First, we went to a Ruppel Café in Frankfurt. We thought it was a good place to start the day! The owner and his wife were pretty amused with us, and he even went home to fetch a family tree he had. We found our own names and some outdated residence addresses in the book, which was from the 90s. He also showed us his family tree drawn on a large sheet of paper. But unfortunately their family didn't cross paths with ours, at least not according to the information he had.
Next, we stopped in a church in Flieden and talked to a priest. He became quite interested once we asked about a previous priest at that church from the 19th century. He took us out to the cemetery and said we were welcome to walk around, and gave us the phone number of a man who chronicles families as a hobby.
After that, we drove to Laugendorf, the alleged birthplace of our ancestor. However, no one in this tiny farming community had heard the name; it seems the Ruppels were either gone for many generations, or hadn't been there at all.
Finally, we drove to Steinbach, the hometown of our ancestor's wife. Here we actually found quite a bit of information about her side of the family. By randomly asking folks who were doing yardwork or taking walks outside, we found ourselves directed to the house of another chronicling enthusiast.
Karin explained our situation and the man very intently wrote every detail down.
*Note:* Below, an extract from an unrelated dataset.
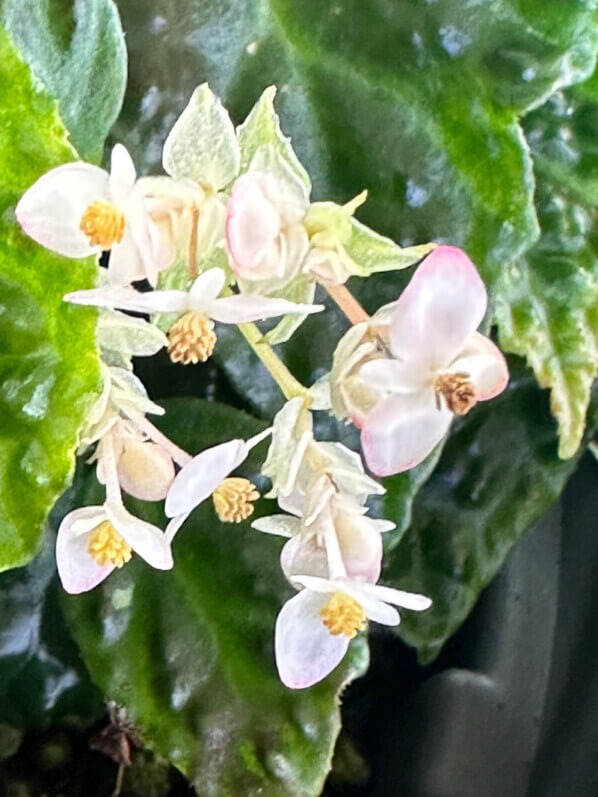 Begonia dracopelta, Bégoniacées, plante d'intérieur, terrarium, Paris 19e (75)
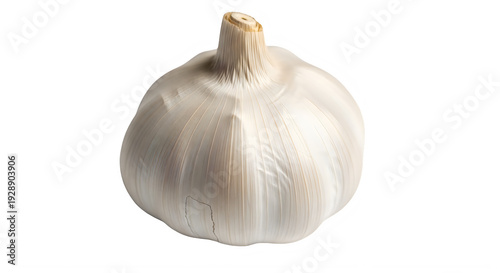 Whole garlic bulb with papery skin isolated on transparent background transparent background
He explained that his mother was really organizing everything, and it would be published in a book sometime in 2017. Her information about the wife matched ours almost perfectly, which all of us very happy. We got a glimpse of our family two generations further back than anyone ever knew, and she extended one branch of that family's tree by five generations!
We've since received the book and were proud to share the info with all the stateside Ruppels. It felt good to find out more about our roots and visit the places they left in search of a life in the US, especially since I'm the first in my family to move back to Germany!